4. I could dig snow away and scratch dead grass off of the ground to eat. The energy used to dig would soon become more than that gained from the small amount harvested.

A wild elk

A wild elk

 

5. I would need meat. If it was wild, I would need to have a good gun and a good aim and it would have to be hunting season. The government requires a junk of cash for a licence as well. Unless you have your own fish, a licence would also be needed. If a person is self-sufficient cash is not a realistic option. If it was tame, then it would have to be what we could rope and could muster the courage to kill.

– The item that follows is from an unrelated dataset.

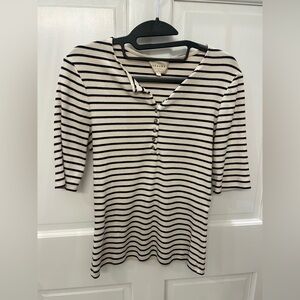 Sezane Navy and Cream Striped Short Sleeve Top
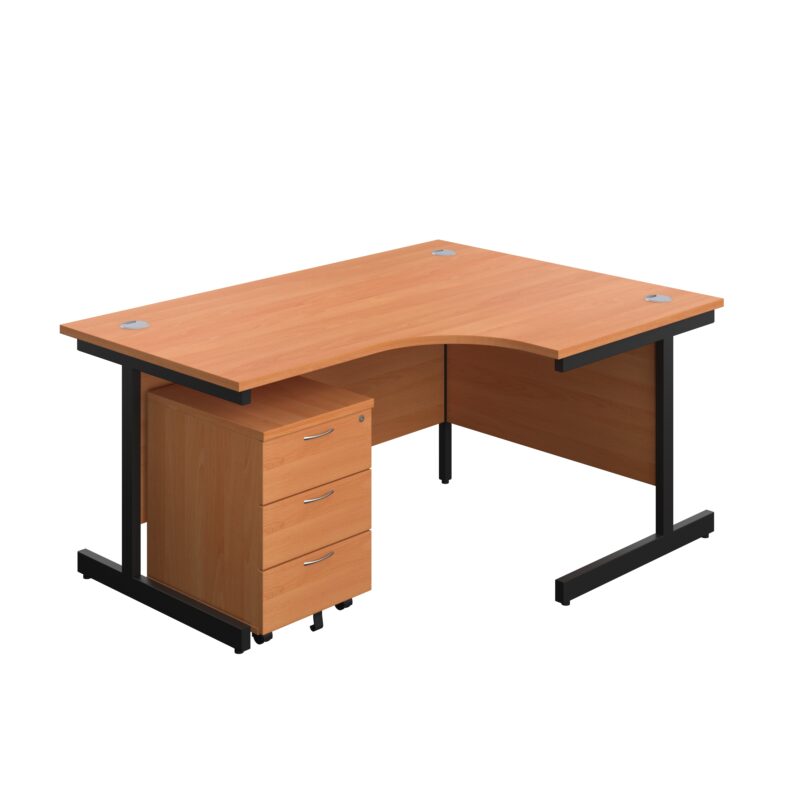 Single Upright Right Hand Radial Desk + Mobile 3 Drawer Pedestal | 1600 X 1200 | Beech/Black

This is why I think it would be good to keep a horse or horses. Most animal need to be provided with hay and water through the winter. A horse will eat snow and paw through it to get food. They might not be in great shape by the end of the winter, but they are the most likely tame animal to survive on their own. If it’s a pet it will be easy the catch too….just saying.

a-pet-horse-called-Buddy

a-pet-horse-called-Buddy

 

 

 

Some of my ancestors had to eat mice to stay alive when things got hellishly bad.

Baby mouse.....arrrrggh!!

Baby mouse…..arrrrggh!!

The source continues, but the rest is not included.